Note: The following appears in the June issue of Orange: The Experience. For full access to all of the publication’s content, join IPTAY today by calling 864-656-2115.
I can tell you with certainty that I will never again in my life witness what happened on May 23 of this year. Our baseball Tigers entered the 2018 ACC Tournament as the No. 2 seed and had to play their first game against Notre Dame. The Fighting Irish were the designated home team, so Clemson played as the visitor.
Clemson went to the top of the fourth inning trailing 3-1. Then over the next 55 minutes, the Tigers proceeded to send 21 batters to the plate, with 17 of them touching home. Clemson went on to win 21-4. The game was called after seven innings, because the ACC plays its tournament with a “mercy” rule, which states that if a team is leading by 10 or more runs after seven innings, the game is over.
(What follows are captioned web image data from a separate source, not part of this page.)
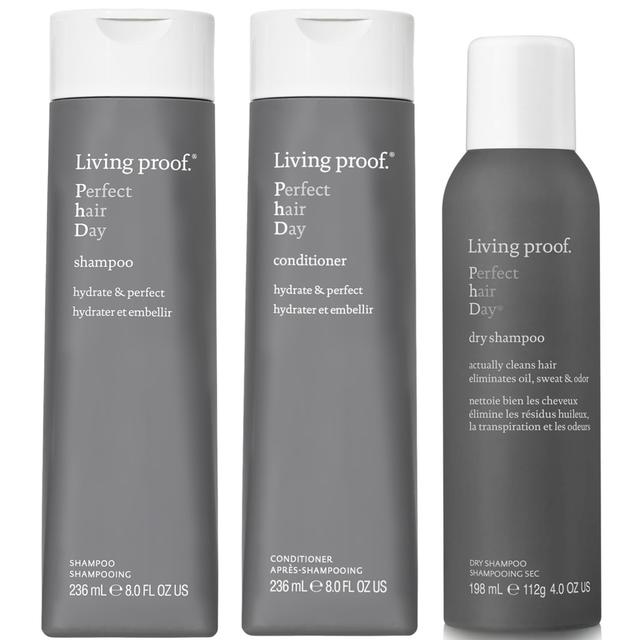 Living Proof Bestseller Bundle on Productcaster.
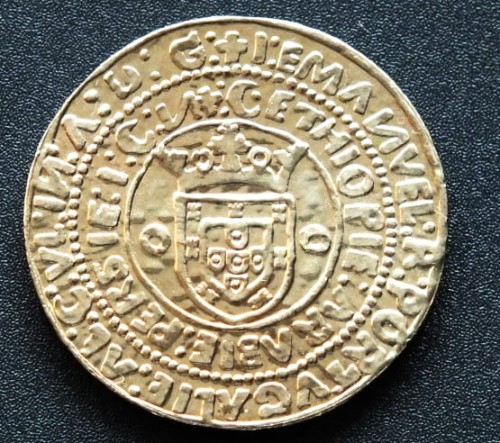e16a.JPG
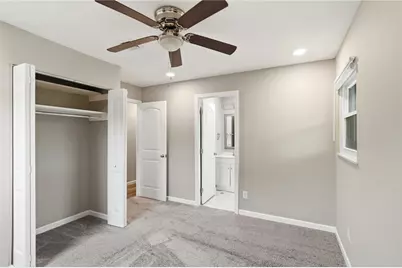 225 Beam Drive, Franklin, OH 45005 - Photo 17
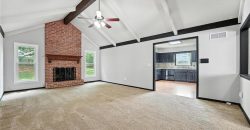 Homes for Sale in Kansas City, MO 64155 | 9617 N Lydia Street
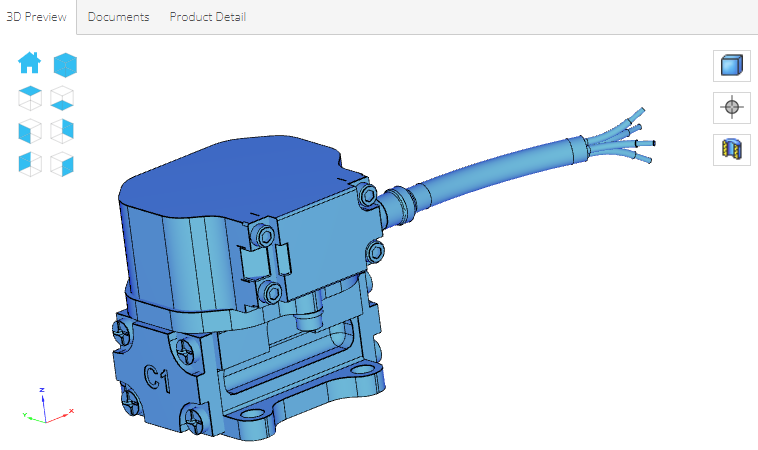 24_Series_3D_CAD_CTA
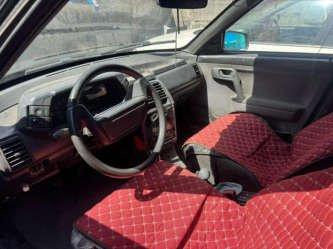 Lada (ВАЗ) 2110 2005, фото 14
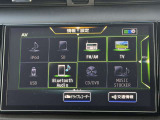 様々なソースに対応しております。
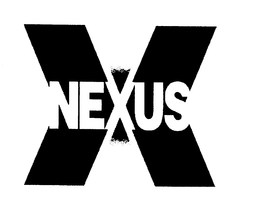 NEXUS trademark
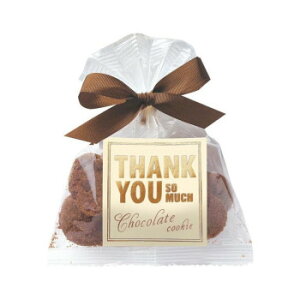 y炵NNZ[za XyV NbL[ CR `R[g 12 12447yyŗΏۏizy񂹁Eԕisiz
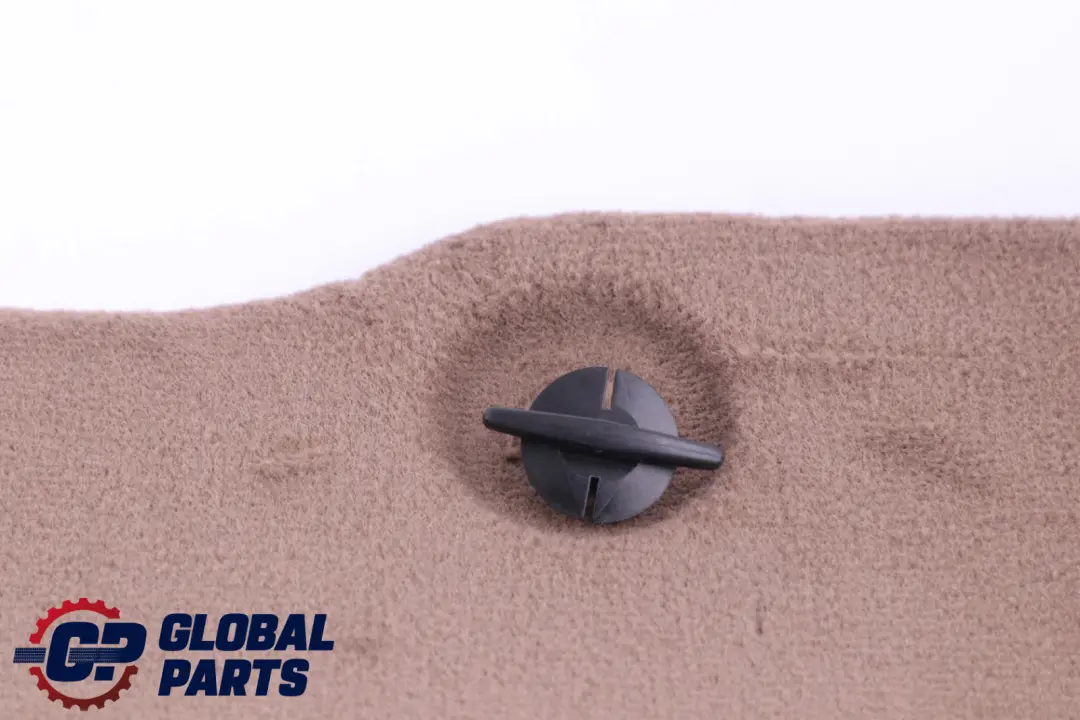 Light Trunk Lid Brown 7061422 to BMW 5 Series E61 E61N LCI Cover Rear with Part number 7140638 BMW 5 Series E61 E61N LCI Cover Rear Light Trunk Lid Brown 7061422 - SKU 7140638 - Part number 7140638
The 17 runs set an ACC Tournament record for runs in an inning and were the third-most runs in an inning in school history, including the most since scoring a school-record 19 runs against Maryland on March 21, 1998.
Clemson banged out four home runs in the inning, one by Chris Williams, one by Seth Beer and two by Logan Davidson. The homers by Davidson came from both sides of the plate. Just six days earlier at Pittsburgh, Davidson became the first Tiger in history to homer from both sides of the plate in a game. Now, he did it in one inning. To put this in perspective, there have been only three MLB players who have accomplished that feat.
The first of Davidson’s long balls was a two-run shot from the left side of the plate. His second was a grand slam from the right side of the plate. That’s eight total bases and six RBIs in one inning. He also picked up another RBI later in the game to set Clemson’s ACC Tournament record with seven RBIs in a game.
Chris Williams, Patrick Cromwell and Drew Wharton each had three plate appearances in the inning. Williams walked, singled, homered and score three runs in the magical fourth inning. How many times have you seen one player score three runs in one inning?
Now, all of what I have mentioned is pretty memorable stuff to see in one inning, but my most memorable thing of the entire inning happened to Clemson DH Justin Hawkins. His first at-bat of the inning was a sacrifice fly to center that scored Williams from third base. By the time he came to the plate for the second time in the inning, Williams was on second base and Wharton was on first base.
The first pitch to Hawkins was a ball and the second was a wild pitch that moved Williams to third and Wharton to second. The count was 2-0 to Hawkins, and Notre Dame made a pitching change. The first pitch the new hurler threw went by the catcher to the backstop. As the pitcher came to cover the plate, Williams broke for home to score. The two collided, and the pitcher flipped on his back and was injured, forcing him to leave the game. Williams was safe at home and Wharton moved to third base.
The count was 3-0 to Hawkins, and another pitcher came on to pitch. For the first time in my life, I was about to see one batter face three different pitchers in one plate appearance. Head coach Monte Lee later told me he had never seen that happen before, and when I asked all those on the Clemson staff, it was a first for them as well.